**INSTRUCTIONS TO FOLLOW**
Print nothing except the lines of the listing below from the line with "The Boy and" to the line with "Finding Your Life", each exactly as written, both ends included.

**DATA UNDER STUDY**

───

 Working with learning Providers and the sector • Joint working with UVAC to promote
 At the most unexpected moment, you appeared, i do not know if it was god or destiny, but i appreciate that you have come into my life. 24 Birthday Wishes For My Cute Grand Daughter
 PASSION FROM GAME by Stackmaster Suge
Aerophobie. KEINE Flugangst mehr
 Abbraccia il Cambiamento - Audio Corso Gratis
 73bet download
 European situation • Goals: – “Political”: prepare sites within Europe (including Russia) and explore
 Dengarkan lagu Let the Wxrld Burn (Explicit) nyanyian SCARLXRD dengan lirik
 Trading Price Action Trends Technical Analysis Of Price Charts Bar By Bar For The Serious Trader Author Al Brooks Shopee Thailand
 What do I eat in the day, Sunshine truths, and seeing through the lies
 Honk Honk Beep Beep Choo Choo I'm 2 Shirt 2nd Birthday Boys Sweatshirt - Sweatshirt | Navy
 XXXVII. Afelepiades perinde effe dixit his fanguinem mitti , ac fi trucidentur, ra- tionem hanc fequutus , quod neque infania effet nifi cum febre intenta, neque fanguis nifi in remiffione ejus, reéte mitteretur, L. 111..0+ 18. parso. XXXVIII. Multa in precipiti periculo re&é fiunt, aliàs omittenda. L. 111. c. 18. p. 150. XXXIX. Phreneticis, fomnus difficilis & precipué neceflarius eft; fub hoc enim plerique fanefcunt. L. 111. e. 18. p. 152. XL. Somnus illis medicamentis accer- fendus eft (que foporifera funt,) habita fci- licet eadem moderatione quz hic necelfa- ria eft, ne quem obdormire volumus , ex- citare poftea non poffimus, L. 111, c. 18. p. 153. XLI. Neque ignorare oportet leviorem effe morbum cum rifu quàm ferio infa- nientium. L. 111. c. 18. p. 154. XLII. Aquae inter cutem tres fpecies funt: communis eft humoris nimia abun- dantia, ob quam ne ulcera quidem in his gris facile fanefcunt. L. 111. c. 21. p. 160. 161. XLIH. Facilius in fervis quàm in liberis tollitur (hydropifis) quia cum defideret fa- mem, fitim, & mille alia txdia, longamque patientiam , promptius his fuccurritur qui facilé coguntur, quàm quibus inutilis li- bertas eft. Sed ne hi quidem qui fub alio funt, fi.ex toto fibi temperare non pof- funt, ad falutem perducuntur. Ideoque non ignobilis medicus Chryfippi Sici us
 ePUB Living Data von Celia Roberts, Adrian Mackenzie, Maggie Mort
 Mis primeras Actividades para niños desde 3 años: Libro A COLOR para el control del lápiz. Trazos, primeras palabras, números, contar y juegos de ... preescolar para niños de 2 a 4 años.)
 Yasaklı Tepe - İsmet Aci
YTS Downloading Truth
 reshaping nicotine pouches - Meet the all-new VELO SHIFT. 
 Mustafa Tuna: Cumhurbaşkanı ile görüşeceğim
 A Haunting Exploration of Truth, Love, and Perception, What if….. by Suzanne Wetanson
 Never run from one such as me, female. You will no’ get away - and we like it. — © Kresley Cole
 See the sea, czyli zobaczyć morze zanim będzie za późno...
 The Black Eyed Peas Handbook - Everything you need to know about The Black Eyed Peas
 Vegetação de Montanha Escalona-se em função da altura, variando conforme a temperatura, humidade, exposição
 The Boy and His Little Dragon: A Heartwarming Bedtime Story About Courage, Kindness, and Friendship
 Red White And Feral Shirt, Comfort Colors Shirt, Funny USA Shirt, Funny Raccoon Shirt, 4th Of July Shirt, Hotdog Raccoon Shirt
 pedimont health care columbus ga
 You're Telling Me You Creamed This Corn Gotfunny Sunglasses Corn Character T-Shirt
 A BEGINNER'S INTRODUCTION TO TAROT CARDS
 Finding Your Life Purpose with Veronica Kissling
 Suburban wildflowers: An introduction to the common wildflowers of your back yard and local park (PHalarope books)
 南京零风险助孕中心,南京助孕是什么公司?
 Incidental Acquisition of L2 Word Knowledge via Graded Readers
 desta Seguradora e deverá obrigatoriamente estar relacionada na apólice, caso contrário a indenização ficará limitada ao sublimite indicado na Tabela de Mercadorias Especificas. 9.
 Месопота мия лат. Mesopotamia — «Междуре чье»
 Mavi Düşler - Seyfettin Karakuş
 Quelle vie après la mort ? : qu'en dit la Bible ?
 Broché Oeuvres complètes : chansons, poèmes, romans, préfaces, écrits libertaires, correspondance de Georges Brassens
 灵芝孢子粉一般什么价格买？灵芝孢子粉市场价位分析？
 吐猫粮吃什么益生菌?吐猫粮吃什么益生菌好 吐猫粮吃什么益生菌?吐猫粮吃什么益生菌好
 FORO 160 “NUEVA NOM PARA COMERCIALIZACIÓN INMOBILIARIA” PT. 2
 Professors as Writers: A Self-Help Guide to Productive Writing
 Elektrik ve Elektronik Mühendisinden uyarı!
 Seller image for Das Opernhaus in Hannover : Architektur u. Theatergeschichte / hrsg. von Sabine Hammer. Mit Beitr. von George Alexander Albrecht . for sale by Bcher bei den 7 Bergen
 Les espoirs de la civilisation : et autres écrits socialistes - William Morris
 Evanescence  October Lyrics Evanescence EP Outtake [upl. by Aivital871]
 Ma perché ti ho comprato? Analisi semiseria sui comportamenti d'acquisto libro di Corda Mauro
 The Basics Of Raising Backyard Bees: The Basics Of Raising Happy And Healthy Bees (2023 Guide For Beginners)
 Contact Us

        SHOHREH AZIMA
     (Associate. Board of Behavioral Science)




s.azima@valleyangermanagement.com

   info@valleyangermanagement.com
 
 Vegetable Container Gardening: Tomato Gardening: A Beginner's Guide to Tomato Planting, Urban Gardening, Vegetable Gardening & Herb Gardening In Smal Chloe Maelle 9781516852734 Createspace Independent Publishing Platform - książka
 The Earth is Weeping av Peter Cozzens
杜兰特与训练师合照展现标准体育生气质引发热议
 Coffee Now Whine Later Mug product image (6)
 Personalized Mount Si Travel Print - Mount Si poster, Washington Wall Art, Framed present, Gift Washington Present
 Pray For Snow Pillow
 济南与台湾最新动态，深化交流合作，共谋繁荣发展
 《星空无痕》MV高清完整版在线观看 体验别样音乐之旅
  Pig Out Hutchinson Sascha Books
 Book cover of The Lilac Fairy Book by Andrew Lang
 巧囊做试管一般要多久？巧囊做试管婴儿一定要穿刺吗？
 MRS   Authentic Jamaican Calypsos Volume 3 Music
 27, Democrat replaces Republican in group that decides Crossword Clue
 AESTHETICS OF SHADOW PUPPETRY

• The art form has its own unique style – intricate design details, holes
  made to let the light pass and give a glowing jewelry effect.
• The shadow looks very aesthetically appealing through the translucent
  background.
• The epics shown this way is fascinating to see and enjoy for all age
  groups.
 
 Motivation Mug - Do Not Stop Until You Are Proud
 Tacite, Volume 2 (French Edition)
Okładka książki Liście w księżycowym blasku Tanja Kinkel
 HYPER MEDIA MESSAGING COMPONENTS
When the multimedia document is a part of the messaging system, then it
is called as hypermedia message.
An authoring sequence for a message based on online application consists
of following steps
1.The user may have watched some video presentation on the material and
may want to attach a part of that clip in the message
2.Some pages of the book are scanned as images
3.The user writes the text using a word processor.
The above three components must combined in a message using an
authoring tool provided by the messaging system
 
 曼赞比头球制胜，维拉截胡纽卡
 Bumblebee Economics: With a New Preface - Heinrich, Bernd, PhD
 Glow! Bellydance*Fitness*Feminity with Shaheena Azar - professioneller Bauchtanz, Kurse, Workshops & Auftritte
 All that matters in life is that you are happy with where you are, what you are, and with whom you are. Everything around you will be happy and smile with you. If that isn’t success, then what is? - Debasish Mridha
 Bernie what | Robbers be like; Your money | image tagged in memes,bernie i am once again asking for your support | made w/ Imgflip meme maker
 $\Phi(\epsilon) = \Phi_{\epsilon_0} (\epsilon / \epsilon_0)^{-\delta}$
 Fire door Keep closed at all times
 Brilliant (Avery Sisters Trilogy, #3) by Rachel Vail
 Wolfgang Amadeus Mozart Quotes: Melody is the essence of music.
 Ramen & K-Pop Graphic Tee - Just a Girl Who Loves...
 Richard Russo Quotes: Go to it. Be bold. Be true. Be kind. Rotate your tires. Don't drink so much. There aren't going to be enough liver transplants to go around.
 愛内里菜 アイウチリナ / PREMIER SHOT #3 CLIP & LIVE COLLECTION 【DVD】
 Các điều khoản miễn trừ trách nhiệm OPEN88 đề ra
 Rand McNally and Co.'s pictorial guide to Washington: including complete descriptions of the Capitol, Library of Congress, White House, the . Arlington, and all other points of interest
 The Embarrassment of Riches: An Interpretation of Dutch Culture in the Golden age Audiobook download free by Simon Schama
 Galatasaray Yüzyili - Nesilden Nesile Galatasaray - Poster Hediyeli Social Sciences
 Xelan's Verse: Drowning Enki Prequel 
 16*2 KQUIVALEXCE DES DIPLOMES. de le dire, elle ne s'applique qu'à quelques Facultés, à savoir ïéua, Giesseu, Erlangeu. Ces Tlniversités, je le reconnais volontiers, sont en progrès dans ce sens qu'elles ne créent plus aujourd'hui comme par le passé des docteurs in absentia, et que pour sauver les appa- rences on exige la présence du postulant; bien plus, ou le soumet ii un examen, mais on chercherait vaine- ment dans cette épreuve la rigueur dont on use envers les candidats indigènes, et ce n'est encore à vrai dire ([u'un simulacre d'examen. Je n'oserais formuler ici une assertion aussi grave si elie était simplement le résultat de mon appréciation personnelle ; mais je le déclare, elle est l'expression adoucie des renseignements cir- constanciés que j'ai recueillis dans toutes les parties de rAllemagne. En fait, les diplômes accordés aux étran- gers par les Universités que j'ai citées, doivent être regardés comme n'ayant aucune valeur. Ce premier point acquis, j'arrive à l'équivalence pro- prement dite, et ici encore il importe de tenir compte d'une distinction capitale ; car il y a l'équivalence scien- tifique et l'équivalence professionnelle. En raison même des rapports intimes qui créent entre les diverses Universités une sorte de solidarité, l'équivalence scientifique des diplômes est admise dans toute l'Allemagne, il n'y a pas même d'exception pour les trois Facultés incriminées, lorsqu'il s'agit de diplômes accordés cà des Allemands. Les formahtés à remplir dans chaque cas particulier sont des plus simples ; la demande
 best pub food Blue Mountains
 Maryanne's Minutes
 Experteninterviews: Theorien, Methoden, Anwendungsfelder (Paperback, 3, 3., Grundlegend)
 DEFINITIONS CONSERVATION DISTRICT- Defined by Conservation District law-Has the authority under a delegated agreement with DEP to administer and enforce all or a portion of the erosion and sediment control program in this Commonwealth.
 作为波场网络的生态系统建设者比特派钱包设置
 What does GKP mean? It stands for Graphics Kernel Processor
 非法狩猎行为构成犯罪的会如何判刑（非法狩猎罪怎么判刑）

───

**THE COMPLETED TASK**
 The Boy and His Little Dragon: A Heartwarming Bedtime Story About Courage, Kindness, and Friendship
 Red White And Feral Shirt, Comfort Colors Shirt, Funny USA Shirt, Funny Raccoon Shirt, 4th Of July Shirt, Hotdog Raccoon Shirt
 pedimont health care columbus ga
 You're Telling Me You Creamed This Corn Gotfunny Sunglasses Corn Character T-Shirt
 A BEGINNER'S INTRODUCTION TO TAROT CARDS
 Finding Your Life Purpose with Veronica Kissling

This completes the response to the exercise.